令和8年 C001 訪問歯科衛生指導料
- 1 単一建物診療患者が1人の場合 380点
- 2 単一建物診療患者が2人以上9人以下の場合 330点
- 3 1及び2以外の場合 260点
注
1 歯科訪問診療を行った歯科医師の指示に基づき、歯科衛生士、保健師、看護師又は准看護師が訪問して療養上必要な指導として、単一建物診療患者(当該患者が居住する建物に居住するもののうち、当該保険医療機関が歯科訪問診療を実施し、歯科衛生士等が同一月に訪問歯科衛生指導を行っているものをいう。)又はその家族等に対して、当該患者の口腔内の清掃(機械的歯面清掃を含む。)、有床義歯の清掃指導又は口腔機能の回復若しくは維持に関する実地指導を行い指導時間が20分以上であった場合は、患者1人につき、月4回に限り算定する。なお、当該歯科衛生指導で実施した指導内容等については、当該患者又はその家族等に対し文書により提供する。

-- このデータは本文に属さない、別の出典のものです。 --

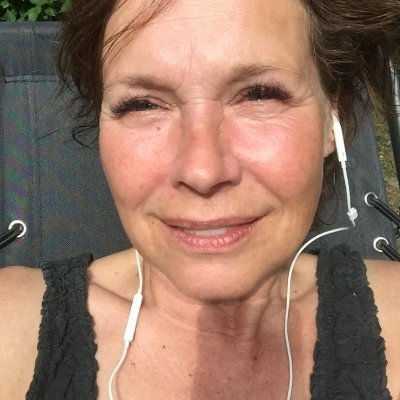 kirsiparni's profile picture. Tuottaja. Kissan palvelija. Sydäntä lähellä yrittäjyys, puut ja linnut.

2 区分番号C000に掲げる歯科訪問診療料を算定した患者であって緩和ケアを実施するものに対して行った場合には、注1の規定にかかわらず、月8回に限り算定する。
3 1については、訪問歯科衛生指導が困難な者等に対して、保険医療機関の歯科衛生士等が、当該保険医療機関の他の歯科衛生士等と同時に訪問歯科衛生指導を行うことについて、当該患者又はその家族等の同意を得て、訪問歯科衛生指導を実施した場合(区分番号C000に掲げる歯科訪問診療料を算定する日を除く。)には、複数名訪問歯科衛生指導加算として、150点を所定点数に加算する。
4 1から3までについて、当該保険医療機関と特別の関係にある他の保険医療機関等において療養を行っている患者に対して訪問歯科衛生指導を実施した場合は、所定点数に代えて、140点を算定する。

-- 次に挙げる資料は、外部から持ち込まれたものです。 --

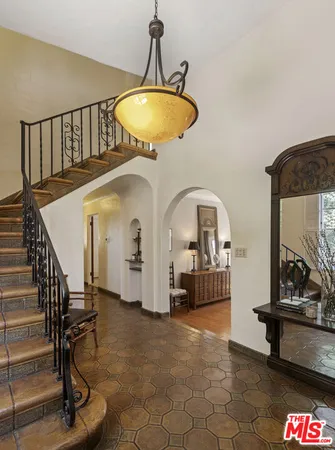 $1,895,000 | 885 Cumberland Road, Glendale, CA 91202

5 訪問歯科衛生指導に要した交通費は、患家の負担とする。
6 区分番号B001-2に掲げる歯科衛生実地指導料を算定している月は算定できない。
通知
(1) 訪問歯科衛生指導料は、同一初診期間中にC000に掲げる歯科訪問診療料を算定した患者等に対して、歯科訪問診療料を算定した日から起算して1月以内(ただし、歯科訪問診療を行う歯科医師により、状態が安定していると判断される場合は2月以内でも差し支えない。)において、当該患者に係る歯科訪問診療を行った歯科医師の指示を受けた当該保険医療機関に勤務(常勤又は非常勤)する歯科衛生士等が、療養上必要な実地指導を行った場合に算定し、単なる日常的口腔清掃等のみを行った場合は算定できない。
(2) 「注2」について、「注1」の規定にかかわらず、緩和ケアを実施する患者に対して、当該患者に係る歯科訪問診療を行った歯科医師の指示を受けた歯科衛生士等が療養上必要な実地指導を行った場合は、訪問歯科衛生指導料は月8回に限り算定出来る。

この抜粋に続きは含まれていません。